In den vergangenen Jahren seien pro Jahr maximal 5 GWp an Solarkraft installiert worden, erläutert der VDE. Nun müssten Industrie, Städte und Kommunen ihre bestehenden Flächen besser für Photovoltatik nutzen – auf Industrie- und Handelsdächern, über Parkplatzflächen, an Autobahnen oder auch Tagebauseen. Dabei gefährde Solarstrom nicht die Versorgungssicherheit, diese habe mit dem Ausbau der Photovoltaik sogar verbessert werden können, sagte Burkhard Holder vom VDE: "Von ehemals etwa 30 Minuten Störungsdauer pro Jahr, sind wir heute bei rund zehn Minuten."

Derzeit sei Deutschland aber von Lieferungen aus dem asiatischen Raum sehr abhängig. "Wie schädlich solche Abhängigkeiten sind, zeigen die Gaslieferungen aus Russland", meint der VDE. Daher gelte es, die industrielle Fertigung in Europa wieder zu stärken.

Für den massiven Ausbau der Solarkraft tritt auch die EU-Kommission ein.

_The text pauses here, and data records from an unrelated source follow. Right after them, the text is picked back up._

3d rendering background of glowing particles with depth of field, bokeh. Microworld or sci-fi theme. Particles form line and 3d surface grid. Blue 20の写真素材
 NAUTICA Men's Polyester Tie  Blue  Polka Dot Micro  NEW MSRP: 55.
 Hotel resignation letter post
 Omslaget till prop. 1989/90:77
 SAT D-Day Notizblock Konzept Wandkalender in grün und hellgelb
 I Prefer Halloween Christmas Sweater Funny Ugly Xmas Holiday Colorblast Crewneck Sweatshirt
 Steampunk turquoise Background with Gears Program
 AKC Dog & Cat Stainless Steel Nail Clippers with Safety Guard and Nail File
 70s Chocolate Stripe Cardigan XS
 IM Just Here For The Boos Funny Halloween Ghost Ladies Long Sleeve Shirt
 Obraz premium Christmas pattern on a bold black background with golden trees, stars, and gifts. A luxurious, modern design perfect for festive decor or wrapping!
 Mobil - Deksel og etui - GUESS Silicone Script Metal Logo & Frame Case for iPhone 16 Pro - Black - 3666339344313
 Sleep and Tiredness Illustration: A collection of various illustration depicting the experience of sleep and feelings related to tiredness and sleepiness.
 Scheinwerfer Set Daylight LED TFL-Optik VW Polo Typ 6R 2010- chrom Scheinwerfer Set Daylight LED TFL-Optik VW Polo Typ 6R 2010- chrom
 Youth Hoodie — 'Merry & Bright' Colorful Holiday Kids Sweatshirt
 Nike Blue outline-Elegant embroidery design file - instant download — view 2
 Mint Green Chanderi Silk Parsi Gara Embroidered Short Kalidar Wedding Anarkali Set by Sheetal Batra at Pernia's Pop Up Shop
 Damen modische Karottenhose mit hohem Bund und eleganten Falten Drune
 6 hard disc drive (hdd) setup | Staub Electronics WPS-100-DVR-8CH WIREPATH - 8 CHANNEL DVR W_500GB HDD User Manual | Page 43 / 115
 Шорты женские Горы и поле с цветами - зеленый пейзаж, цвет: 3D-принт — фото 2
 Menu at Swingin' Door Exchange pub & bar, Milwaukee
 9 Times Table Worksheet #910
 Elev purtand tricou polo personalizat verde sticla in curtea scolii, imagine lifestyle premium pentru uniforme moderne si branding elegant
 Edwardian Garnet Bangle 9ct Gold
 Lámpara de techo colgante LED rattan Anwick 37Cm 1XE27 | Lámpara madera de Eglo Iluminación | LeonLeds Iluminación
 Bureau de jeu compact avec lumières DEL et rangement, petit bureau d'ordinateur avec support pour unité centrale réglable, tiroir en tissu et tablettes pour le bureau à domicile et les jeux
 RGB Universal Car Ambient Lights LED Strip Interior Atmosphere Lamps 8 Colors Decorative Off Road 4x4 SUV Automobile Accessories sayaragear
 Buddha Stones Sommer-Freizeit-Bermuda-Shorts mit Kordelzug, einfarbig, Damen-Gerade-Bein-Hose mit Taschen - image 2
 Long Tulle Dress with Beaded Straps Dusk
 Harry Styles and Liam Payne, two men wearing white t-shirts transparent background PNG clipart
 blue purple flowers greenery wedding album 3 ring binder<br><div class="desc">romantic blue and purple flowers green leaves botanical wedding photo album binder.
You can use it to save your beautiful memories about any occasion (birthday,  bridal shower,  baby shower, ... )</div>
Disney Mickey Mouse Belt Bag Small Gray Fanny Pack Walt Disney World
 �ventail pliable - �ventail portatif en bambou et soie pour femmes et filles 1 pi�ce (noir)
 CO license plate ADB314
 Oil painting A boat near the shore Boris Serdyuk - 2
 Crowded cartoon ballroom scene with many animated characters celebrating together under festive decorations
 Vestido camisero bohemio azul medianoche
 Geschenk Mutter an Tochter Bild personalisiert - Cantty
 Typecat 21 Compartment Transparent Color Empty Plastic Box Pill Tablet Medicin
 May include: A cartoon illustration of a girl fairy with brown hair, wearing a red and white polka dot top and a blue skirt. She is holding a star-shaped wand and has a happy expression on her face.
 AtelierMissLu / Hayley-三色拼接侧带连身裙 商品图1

Sie schlug im Mai vor, dass alle Dächer neuer öffentlicher und gewerblicher Gebäude ab 2025, ab 2029 auch von Wohngebäuden zwingend mit Solarmodulen versehen werden müssen. Ein weiterer Baustein ihres Plans, den Anteil Erneuerbarer Energien am Endenergieverbrauch bis 2030 auf 45 Prozent zu steigern, ist grüner Wasserstoff. Auch der VDE sieht ihn als eines der Schlüsselelemente der Energiewende.

Damit sich Wasserstoff als Energieträger flächendeckend durchsetzen kann, müsse der Wasserstoff zu marktwirtschaftlichen Preisen, in ausreichender Menge und klimaneutral hergestellt werden, erläutert der VDE. Der per Elektrolyse gewonnene grüne Wasserstoff könne vielfältig genutzt werden, beispielsweise für die Rückverstromung, für Brennstoffzellenmobilität oder im Wärmesektor. Einer der größten Vorteile des Wasserstoff sei, dass es gut gespeichert und so die Produktion von der Nutzung entkoppelt werden könne.

Für die Versorgungssicherheit unbedingt nötig sei auch die Windkraft, ergänzt der VDE in einer Mitteilung, für diese wiederum müssten Netze und Speicherinfrastruktur angepasst werden. Allein in Schleswig-Holstein gebe es seit Jahren erhebliche Potenziale in der Windstromerzeugung, die durch abgeregelte Anlagen und noch nicht vorhandener oder angepasster Netze und Speicherinfrastruktur ungenutzt seien, erläuterte Marten Jensen vom GreenTEC Campus auf der Hannover Messe.

"Der Stromverbrauch in Schleswig-Holstein wird nicht real gleichzeitig, aber immerhin rein rechnerisch zu rund 160 Prozent durch Windkraft gedeckt", sagte Jensen. Die Windparks müssten aber zum Teil tagelang abgeschaltet werden, nur weil die Netze nicht ausreichten und Speicher fehlten. Gleichzeitig gebe es eine katastrophale regenerative Unterversorgung in den Sektoren Wärme und Verkehr.

Wenn alle Erzeuger effizient zusammengeschaltet würden, könnten Bedarfe ausgeglichen werden, meint Jensen. Dafür sei ein Mix aus großen und kleinen Windkraftanlagen sowie dezentralen und lokalen Erzeugern notwendig. Beispielsweise könne die Elektromobilität als Notstromaggregat genutzt werden: "Man muss sich bewusst machen, dass heute mit den 620.000 zugelassenen Fahrzeugen in Deutschland bei einer durchschnittlichen Batteriekapazität von 55 kWh bereits 34.000 MWh an mobiler Energie unterwegs sind."

Dem VDE liegt auch daran, dass Genehmigungsverfahren für Anlagen und Infrastruktur der Erneuerbaren Energien beschleunigt werden. Das ist einer der Faktoren, warum fast alle Bundesländer beim Windkraftausbau den Zielen hinterherhinken, dem die Bundesregierung mit Gesetzesänderungen beikommen will. Diese liegen derzeit dem Bundesrat vor, der schon einige Änderungswünsche geäußert hat.